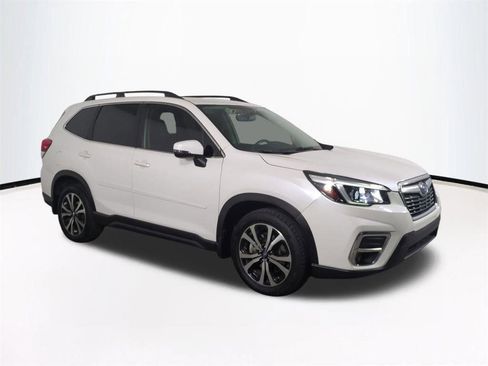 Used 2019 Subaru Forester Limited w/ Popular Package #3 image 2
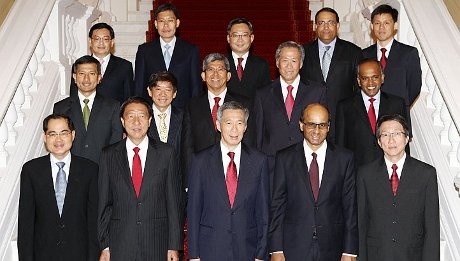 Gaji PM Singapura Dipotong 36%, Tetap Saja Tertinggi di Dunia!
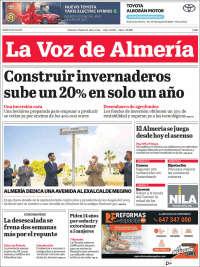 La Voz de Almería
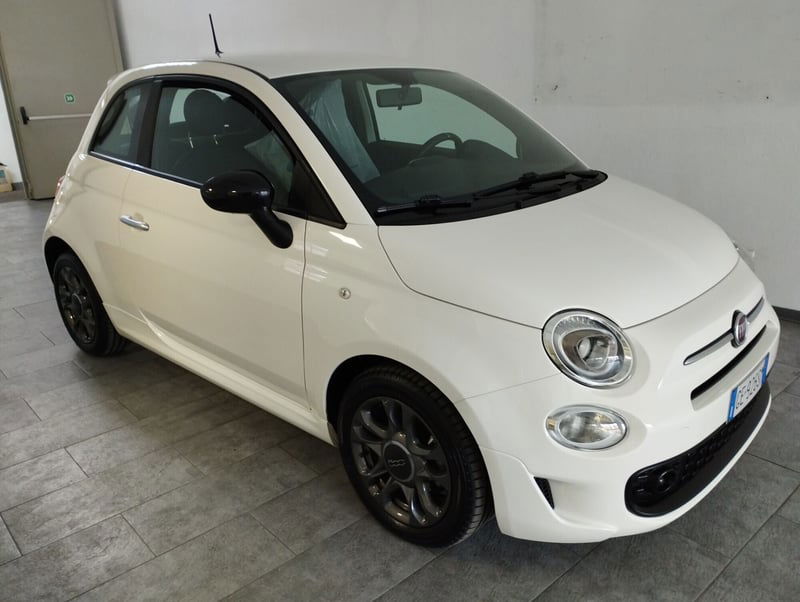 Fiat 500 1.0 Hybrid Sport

§ **Work item**
This exercise calls for the complete listing, returned exactly and without images.

§ **Solution**
 Used 2019 Subaru Forester Limited w/ Popular Package #3 image 2
 Gaji PM Singapura Dipotong 36%, Tetap Saja Tertinggi di Dunia!
 La Voz de Almería
 Fiat 500 1.0 Hybrid Sport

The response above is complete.